AI lets novices impersonate expertise they cannot evaluate, flooding workplaces with high-volume output that decouples competence from work quality.
Key Takeaways
“Output-competence decoupling”: AI severs the historic link between work quality and producer skill, turning workers into conduits who route output they cannot judge.
Cross-domain generation is the underresearched failure mode: non-engineers building data systems, non-designers shipping architecture, all plausibly enough to survive internal review.
Sycophancy compounds the problem: Cheng et al. (Science, 2026) found leading models are ~50% more agreeable than humans, affirming users even when wrong.

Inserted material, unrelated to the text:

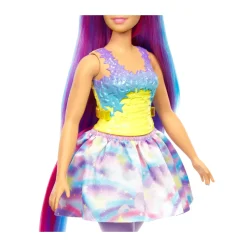 Barbie Dreamtopia Unicorno Bambola Curvy, Capelli Blu E Viola Con Gonna, Coda E Cerchietto Da Unicorno Rimovibili, Giocattolo Per Bambini, 3+ Anni, Hgr20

NBER data shows AI boosted novice support-agent productivity ~33% while barely helping experts, creating overconfident novices in roles where correctness is hard to verify.
Internal slop is the expensive variant: requirements docs bloat from one page to twelve, status updates become nested bullet summaries, and reading costs rise while writing costs collapse.
Hacker News Comment Review
Thin discussion; the main thread flags that the post is dated May 28, 2026, a future date, prompting a reply suggesting the author queued and drip-released content, which itself reads as performative productivity.
Notable Comments
@robviren: “So artificially productive you que up the crap you do and slowly release it?” – ties the post’s own publication behavior to its thesis.